I Environmental Science:
1.Ubuntu20
2.Hadoop3.1.4
3.Jdk1.8_301
II Specific steps
- Pull the latest version of ubuntu image
- Use mount to transfer jdk,hadoop and other installation packages to the mount directory through xftp or using the command line scp command.
- Enter the ubuntu image container docker exec -it container id /bin/bash
- Update apt get system source
- After the update, you can download some necessary tools, such as vim
- Install sshd
When starting distributed Hadoop, you need to use ssh to connect the slave node apt get install ssh
Then run the following script to start the sshd server: / etc / init d/ssh start
In this way, when opening the image, you need to manually start the sshd service. You can write this command into ~ / bashrc file. After saving, the sshd service will be automatically started every time you enter the container (this sentence must be put at the end, or an exception will be started later!) - Configure password free login (I tried it here. It will be easier to enter the password using ssh localhost in the container
Login denied) Cd ~ / ssh
SSH keygen - t RSA press enter all the way
Finally, enter cat/ id_ rsa. pub >> ./ authorized_ keys
Next, you can directly enter ssh localhost to log in to the machine - Configure jdk, which is the same as the previous stand-alone configuration.
- Install hadoop and unzip hadoop to the directory specified by yourself
- Configure hadoop cluster
(1) Open hadoop_env.sh, modify JAVA_HOME
(2) Open core site XML, input
<configuration> <property> <name>hadoop.tmp.dir</name> <value>file:/usr/local/hadoop/tmp</value> <description>Abase for other temporary directories.</description> </property> <property> <name>fs.defaultFS</name> <value>hdfs://master:9000</value> </property> </configuration>
(3) Open HDFS site XML input
<configuration> <property> <name>dfs.namenode.name.dir</name> <value>file:/usr/local/hadoop/namenode_dir</value> </property> <property> <name>dfs.datanode.data.dir</name> <value>file:/usr/local/hadoop/datanode_dir</value> </property> <property> <name>dfs.replication</name> <value>3</value> </property> </configuration>
(4) Open mapred site XML input
<configuration> <property> <name>mapreduce.framework.name</name> <value>yarn</value> </property> <property> <name>yarn.app.mapreduce.am.env</name>//The path here is the path where you install hadoop <value>HADOOP_MAPRED_HOME=/usr/local/hadoop</value> </property> <property> <name>mapreduce.map.env</name> <value>HADOOP_MAPRED_HOME=/usr/local/hadoop</value> </property> <property> <name>mapreduce.reduce.env</name> <value>HADOOP_MAPRED_HOME=/usr/local/hadoop</value> </property> </configuration>
(5) Open yarn site XML input
<configuration> <!-- Site specific YARN configuration properties --> <property> <name>yarn.nodemanager.aux-services</name> <value>mapreduce_shuffle</value> </property> <property> <name>yarn.resourcemanager.hostname</name> <value>master</value> </property> </configuration>
After configuration, the basic environment of hadoop cluster has been configured!

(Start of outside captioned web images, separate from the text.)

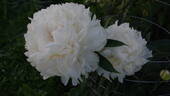 Brother Chuck peony photo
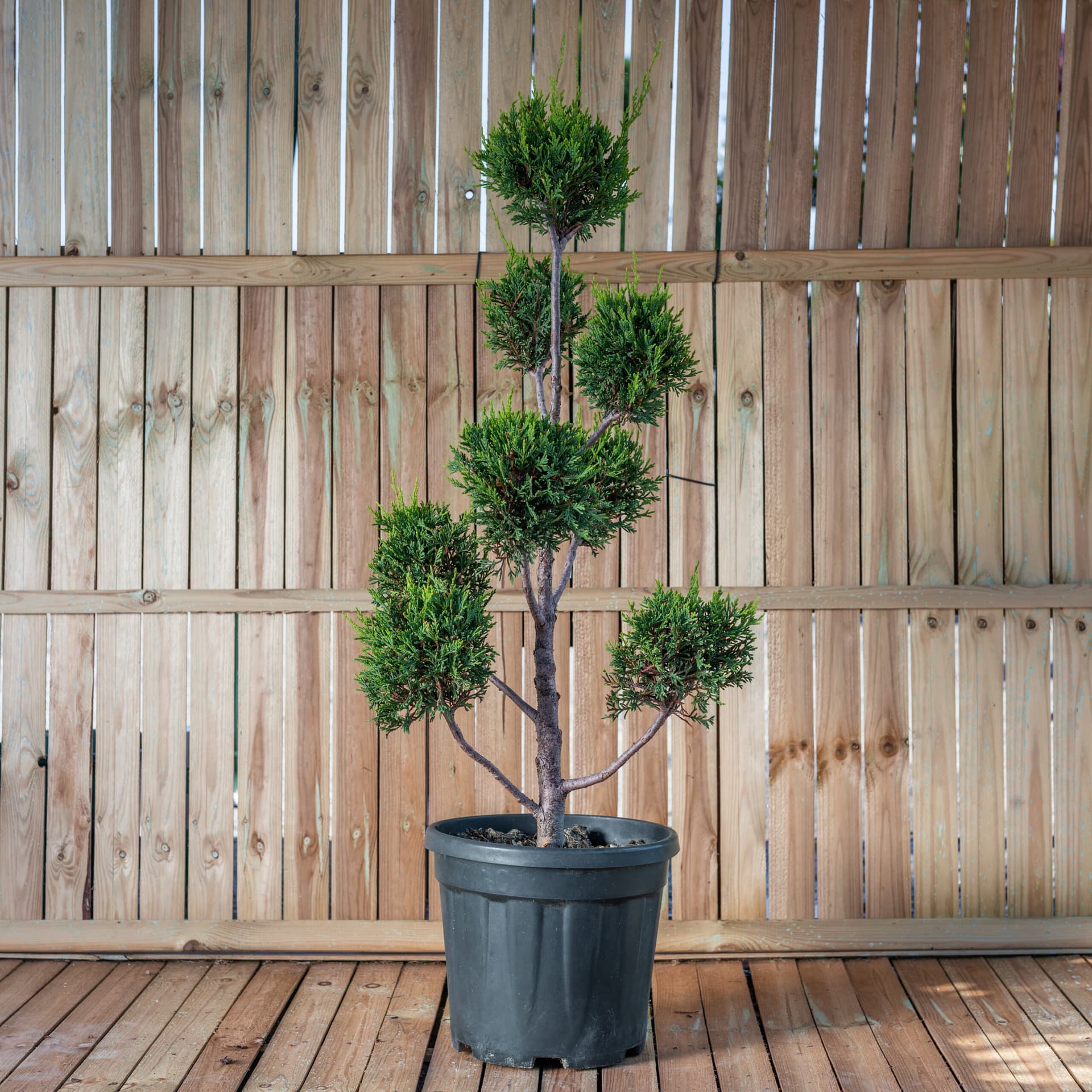 Leylandii topiar Pom-Pom (Cupressocyparis leylandi 'Castlewelland Gold' - Pompom) — imagine 1
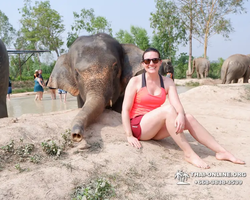 Заповедник слонов Elephant Jungle Sanctuary Pattaya - фото 187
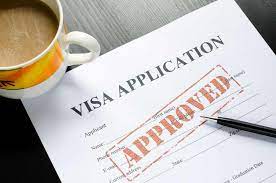 Top 9 Questions to Ask When Applying for an Online and US Visa Application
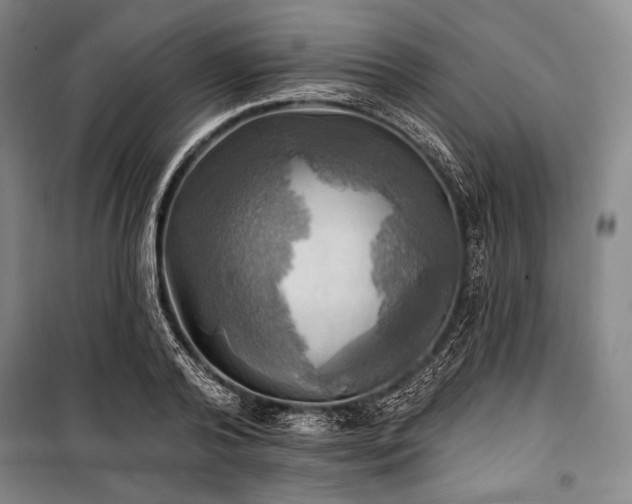 X0000101160792200806271008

Save the modified image
docker commit save image enter docker images to view the saved image.
3, Configure cluster:
I use one node as the master and three nodes as the slave. namenode is the same as secondnamenode
Node.
1. Open four terminals respectively, and each terminal interface runs the image just modified. Represents Hadoop respectively
Master in cluster, S01, s02 and s03
docker run -it -h Master --name Master...
2. Enter cat /etc/hosts to view the ip of the current container. For example, the master IP is 172.17.0.3
3. Edit the hosts of four containers and save each host and ip
4. Input ssh s01, etc. in the master host to test whether the master can connect to the slave normally (it is recommended to use all of them here)
(enter yes or give a warning when starting hadoop later)
5. At this point, the last configuration is needed to complete the hadoop cluster configuration. Open the on the master
workers file (under etc/hadoop in hadoop installation directory), hadoop version 2 file
It is called slave s. Delete the original default value localhost and enter the host names of the three slaves: s03
s02,s03.
4, Start cluster
Enter start-all at the master terminal SH start the cluster (the first time you start, you must format the namenode, and then you don't need format)
Format namenode
Start cluster
Starting the cluster directly here may report an error
In Hadoop env SH add the following
export HDFS NAMENODE USER=root export HDFS DATANODE_USER=root export HDFS_SECONDARYNAMENODE_USER=root export YARN_RESOURCEMANAGER_USER=root export YARN NODEMANAGER USER=root
After adding: start the cluster again
Enter jps in the master node
Enter jps in the slave node
An example of running the word frequency statistics provided by hadoop
View results
So far, the docker based hadoop cluster has been successfully built.